A company’s brand is no longer just for customers. According to Glassdoor, 84% of job seekers consider the company’s reputation as an employer before applying. Top sales talent is likely to join a company with a strong market presence, positive reviews, and a good reputation as an employer.
Career Advancement Opportunities
A LinkedIn survey found that 45% of employees who switch jobs cite a lack of career advancement opportunities as the reason for leaving. Sales professionals are driven individuals who often look for roles that promise more than financial gains, including career growth, new roles, and opportunities to lead.
Why Top Sales Talent Stays
Sales Enablement Tools and Technologies
According to Accenture, 59% of salespeople say they have access to too many sales tools, indicating that not all tools provided are useful or efficient. Sales talent needs the right tools to succeed. If the company’s technology is outdated or cumbersome, top salespeople may leave for companies that offer better tools that make it easier to meet their quotas. As a sales leader, equip your team with tools that make their work easier and enable them to excel in their roles.
Training and Development
The 2023 State of Sales Training report states that 65% of high-performing organizations incorporated non-technology simulations such as in-person role plays into their sales training, compared with 39% of organizations that were not high performers. Providing opportunities for skills upgrading through workshops, regular training programs, and conferences to cultivate a culture of continuous learning and growth is necessary.
Top sales talent often desires flexibility, whether in the form of remote work options, flexible hours, or a supportive company culture that understands the value of work-life balance. A survey by the Society for Human Resource Management (SHRM) found that 53% of employees place a high importance on achieving a balance between their personal and professional lives.
According to a Columbia University study, the likelihood of job turnover at an organization with a rich company culture is a mere 13.9%, compared to 48.4% in companies with a poor culture. Organizational culture is increasingly recognized as a vital factor in attracting and retaining employees. Top sales talent often seeks a supportive, inclusive, and motivational work environment.

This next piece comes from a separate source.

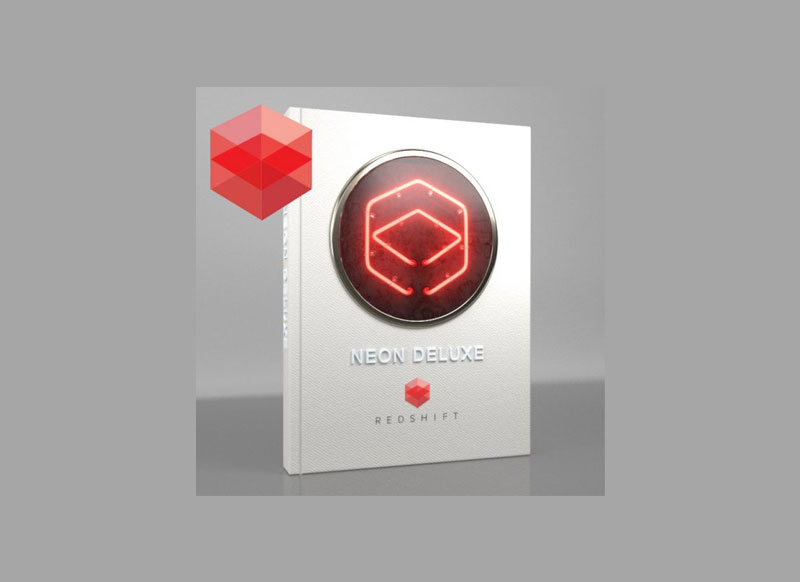 REDSHIFT NEON NEON DELUXE for C4D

Why Top Sales Talent Leaves
A survey by Glassdoor indicates that approximately 35% of employees will look for a new job if they don’t receive a pay raise within 12 months.
A main reason top talent comes on board and a main reason they leave. Salespeople gauge their value and success through their earnings. If a salesperson feels that they are not adequately rewarded for their efforts or see a disparity between their earnings and market rates, it can be a major motivator to seek employment elsewhere.
Job Role Misalignment
A Gallup study reveals that less than half of U.S. employees strongly feel that their job description aligns with the work they are asked to do. Often, sales roles can evolve or change, leading to misalignment between what a salesperson is hired for and what they end up doing. This can result in dissatisfaction and, ultimately, departure.
Poor Management and Leadership
A Gallup poll found that approximately 50% of employees quit their jobs to get away from their managers at some point in their career.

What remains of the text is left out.